Maybe living under an oppressive authoritarian regime provides some clarity. Maybe it doesn’t, but one of the things I find fascinating about overt (and especially real world) novel that take place within these kinds of regimes is that I can never truly understand how life happens there. I don’t mean the parts that happen in reaction to the regime itself. So reading a dystopian novel like 1984 or Hunger Games isn’t what I mean. Or even a real-world text like Darkness at Noon is still reactive. I mean the parts that would happen after the end of 1984 where the life itself has to be lived. Where food has to be bought, jobs have to be worked, and relationships have to happen, one way or the other.
So that brings me to this book (and others of Kundera too obviously) where we’re here and we’re watching a group of people living their lives as well or not as well as they can, but the over-arching structures are clearly just different.
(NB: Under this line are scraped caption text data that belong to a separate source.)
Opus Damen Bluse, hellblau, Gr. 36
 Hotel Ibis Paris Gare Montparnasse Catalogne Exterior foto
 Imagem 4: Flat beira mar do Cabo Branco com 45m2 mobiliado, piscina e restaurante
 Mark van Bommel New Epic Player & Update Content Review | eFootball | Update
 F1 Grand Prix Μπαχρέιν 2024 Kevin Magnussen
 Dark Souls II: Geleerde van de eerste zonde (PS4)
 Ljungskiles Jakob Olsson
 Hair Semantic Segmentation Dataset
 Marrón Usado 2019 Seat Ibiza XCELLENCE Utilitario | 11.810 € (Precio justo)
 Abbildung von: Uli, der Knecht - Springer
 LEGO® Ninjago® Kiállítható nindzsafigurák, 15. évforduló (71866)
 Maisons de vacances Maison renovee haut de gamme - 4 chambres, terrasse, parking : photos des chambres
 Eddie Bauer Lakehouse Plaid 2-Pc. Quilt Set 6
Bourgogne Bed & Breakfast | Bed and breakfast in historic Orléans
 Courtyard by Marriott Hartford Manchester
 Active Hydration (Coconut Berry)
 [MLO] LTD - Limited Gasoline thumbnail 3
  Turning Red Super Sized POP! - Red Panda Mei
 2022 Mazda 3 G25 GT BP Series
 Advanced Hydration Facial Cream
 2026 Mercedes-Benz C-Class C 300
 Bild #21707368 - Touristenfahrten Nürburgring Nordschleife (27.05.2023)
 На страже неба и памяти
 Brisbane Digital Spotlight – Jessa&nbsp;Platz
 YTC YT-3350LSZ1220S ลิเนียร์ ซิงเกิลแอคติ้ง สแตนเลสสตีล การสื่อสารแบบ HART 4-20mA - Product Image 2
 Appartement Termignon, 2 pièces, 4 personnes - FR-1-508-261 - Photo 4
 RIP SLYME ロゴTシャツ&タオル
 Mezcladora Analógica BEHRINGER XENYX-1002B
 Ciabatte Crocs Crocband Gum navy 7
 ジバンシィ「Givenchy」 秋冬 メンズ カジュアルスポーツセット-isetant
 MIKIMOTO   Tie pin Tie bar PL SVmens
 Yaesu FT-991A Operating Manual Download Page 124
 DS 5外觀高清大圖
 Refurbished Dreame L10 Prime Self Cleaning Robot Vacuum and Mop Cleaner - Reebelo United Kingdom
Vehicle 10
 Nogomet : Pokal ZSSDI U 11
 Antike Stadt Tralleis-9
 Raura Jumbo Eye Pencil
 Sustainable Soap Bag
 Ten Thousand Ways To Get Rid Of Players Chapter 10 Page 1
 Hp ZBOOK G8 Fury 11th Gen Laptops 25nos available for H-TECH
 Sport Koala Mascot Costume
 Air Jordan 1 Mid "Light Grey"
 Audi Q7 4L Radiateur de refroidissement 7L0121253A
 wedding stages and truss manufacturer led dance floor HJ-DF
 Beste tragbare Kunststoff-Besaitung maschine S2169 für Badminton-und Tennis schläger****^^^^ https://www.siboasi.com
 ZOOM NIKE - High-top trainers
This is a book about sex, and violence, and at least thoughts about sexual violence, but mostly it’s a book that inhabits a living space.
I suppose the uncomfortable parts of this book come with the realization that as I mentioned in the opening that overtness provides some clarity. If you more or less know the boundaries, you can act accordingly. That’s not to suggest that in the US we live in total freedom, but more so the slow realization that the US has always felt like a dystopia to certain people, and perhaps through surveillance capitalism (and the micromanaging of movements and speech etc) more and more people will wake to that. Not me obviously. Right?